Cold narrows blood vessels and arteries. Dark evenings keep people indoors. Meals turn heavier, water intake shrinks, and medicines are forgotten—not always by choice, but quietly, as routines dissolve. By January, the body adjusts to what it shouldn’t and calls it normal.
In textbooks, these changes are tidy: vasoconstriction—the narrowing of blood vessels—leads to increased blood pressure, compounded by inactivity. In real life, they appear as delay: a pain ignored because it fades, a visit postponed because the road might close, a walk skipped because warmth feels too good to leave. We are trained to endure, and very often that training saves us. But not infrequently, it costs too much.
I often think of one of my patients, Shafi Sahib, a retired teacher. For two weeks he felt pressure in his chest every morning but told himself it was smoke from the kangri. He didn’t want to worry his son, who worked far away. When I finally saw him, the heart attack had already occurred, damaging the fragile musculature of his heart.
He looked at me, calm and confused.
“But I was managing,” he said.
“Yes,” I told him. “You were. And so was your heart—until it couldn’t anymore.”
Winter does not break the heart suddenly. It works slowly, the way neglect does—step by step, one small delay at a time. A missed pill, a postponed appointment and a stretch of days without movement. Each reason sounds harmless on its own—together , they narrow the margin for recovery.

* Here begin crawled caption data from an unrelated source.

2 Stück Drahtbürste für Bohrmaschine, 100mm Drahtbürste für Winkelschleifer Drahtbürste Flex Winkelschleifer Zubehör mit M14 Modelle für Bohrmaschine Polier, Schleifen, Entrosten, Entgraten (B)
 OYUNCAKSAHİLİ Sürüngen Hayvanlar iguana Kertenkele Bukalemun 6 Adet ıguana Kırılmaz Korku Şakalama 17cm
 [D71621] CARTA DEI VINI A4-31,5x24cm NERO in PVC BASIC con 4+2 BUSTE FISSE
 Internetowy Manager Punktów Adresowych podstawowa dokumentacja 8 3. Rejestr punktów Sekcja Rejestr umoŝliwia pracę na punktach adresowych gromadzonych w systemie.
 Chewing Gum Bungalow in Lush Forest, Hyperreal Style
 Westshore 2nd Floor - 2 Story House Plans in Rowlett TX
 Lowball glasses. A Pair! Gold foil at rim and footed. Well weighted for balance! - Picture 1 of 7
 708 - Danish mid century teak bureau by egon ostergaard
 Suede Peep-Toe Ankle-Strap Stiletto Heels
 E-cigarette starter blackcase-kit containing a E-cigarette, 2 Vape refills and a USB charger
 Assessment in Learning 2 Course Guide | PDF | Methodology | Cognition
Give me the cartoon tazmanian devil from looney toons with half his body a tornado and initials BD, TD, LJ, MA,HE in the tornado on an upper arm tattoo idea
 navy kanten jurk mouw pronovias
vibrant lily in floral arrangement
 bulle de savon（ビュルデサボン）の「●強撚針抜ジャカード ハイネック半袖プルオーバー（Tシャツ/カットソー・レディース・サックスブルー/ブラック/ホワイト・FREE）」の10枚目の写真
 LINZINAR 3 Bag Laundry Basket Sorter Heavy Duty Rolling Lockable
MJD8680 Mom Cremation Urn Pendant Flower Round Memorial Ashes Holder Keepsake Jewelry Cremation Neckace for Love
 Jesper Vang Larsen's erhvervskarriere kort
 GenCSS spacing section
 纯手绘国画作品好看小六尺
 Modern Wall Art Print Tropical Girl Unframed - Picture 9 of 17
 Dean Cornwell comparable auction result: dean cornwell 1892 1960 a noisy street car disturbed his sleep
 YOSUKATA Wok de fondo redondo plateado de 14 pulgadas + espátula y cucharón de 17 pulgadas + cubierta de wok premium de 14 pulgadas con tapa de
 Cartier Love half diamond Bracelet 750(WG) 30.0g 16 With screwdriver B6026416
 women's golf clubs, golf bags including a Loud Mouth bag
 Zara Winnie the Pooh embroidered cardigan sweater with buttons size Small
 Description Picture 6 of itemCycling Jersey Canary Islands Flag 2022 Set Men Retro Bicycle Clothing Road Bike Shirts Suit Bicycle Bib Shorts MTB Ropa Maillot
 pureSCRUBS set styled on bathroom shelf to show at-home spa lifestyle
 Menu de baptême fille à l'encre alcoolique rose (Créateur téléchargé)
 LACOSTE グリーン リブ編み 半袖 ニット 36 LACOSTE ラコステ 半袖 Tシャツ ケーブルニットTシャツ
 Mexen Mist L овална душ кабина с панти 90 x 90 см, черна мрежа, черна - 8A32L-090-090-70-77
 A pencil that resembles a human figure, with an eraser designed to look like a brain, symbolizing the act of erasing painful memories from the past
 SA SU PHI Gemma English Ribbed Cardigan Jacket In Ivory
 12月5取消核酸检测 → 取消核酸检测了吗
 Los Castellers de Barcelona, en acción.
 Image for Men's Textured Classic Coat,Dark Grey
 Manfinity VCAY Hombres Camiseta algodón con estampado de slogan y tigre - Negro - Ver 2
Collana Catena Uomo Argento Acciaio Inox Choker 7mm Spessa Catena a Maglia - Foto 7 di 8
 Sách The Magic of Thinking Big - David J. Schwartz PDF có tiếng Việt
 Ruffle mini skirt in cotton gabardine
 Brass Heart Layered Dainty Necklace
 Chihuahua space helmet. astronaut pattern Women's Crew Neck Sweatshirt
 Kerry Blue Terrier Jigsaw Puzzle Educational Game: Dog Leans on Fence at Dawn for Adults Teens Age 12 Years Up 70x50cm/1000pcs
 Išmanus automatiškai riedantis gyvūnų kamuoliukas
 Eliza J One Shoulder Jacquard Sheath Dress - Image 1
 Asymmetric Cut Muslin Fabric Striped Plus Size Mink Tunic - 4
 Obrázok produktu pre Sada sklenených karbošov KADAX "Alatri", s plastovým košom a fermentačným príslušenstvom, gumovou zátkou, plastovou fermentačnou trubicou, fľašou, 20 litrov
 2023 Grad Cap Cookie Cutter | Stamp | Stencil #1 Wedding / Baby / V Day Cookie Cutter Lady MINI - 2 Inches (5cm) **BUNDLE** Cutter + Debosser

Inside the cath lab, arteries look the same in every season. But in winter, the stories that arrive with those arteries feel heavier—pain that lasted too long, damage that had time to deepen. Outside, snow lies untouched but inside another stillness forms—a heart that has been doing too much for too long. And still, there is something here to be proud of.
Our health system holds through winter. Hospitals stay lit even when power fails. Emergency rooms remain open when roads disappear. Our Cath labs and theatre warm before dawn, and ambulances crawl through snow where streets once were. Doctors, nurses, and technicians show up every day, often sleeping in hospital corridors because it is safer to stay than to drive home. They show up because hearts within bodies cannot wait for clear skies.
That quiet, unadvertised faith is what saves lives in the valley every winter. When patients finally come—late, frightened, apologetic—the door is still open. That is our victory.
We survive on small, stubborn habits and a sense of humour that outlasts bad weather. A patient once said, “Doctor, electricity came before the pain today—maybe the government is improving.” We both laughed. Sometimes a small laugh delays despair.
Medicine teaches numbers—blood pressure, heart rate, flow but winter teaches observation: the hesitation before a word, the tightening around the eyes, the silence of a house conserving heat. When cold settles into the mind, discipline falters—tables are skipped as routines blur. Nothing fails at once—it accumulates quietly, like snow on a roof you stop noticing.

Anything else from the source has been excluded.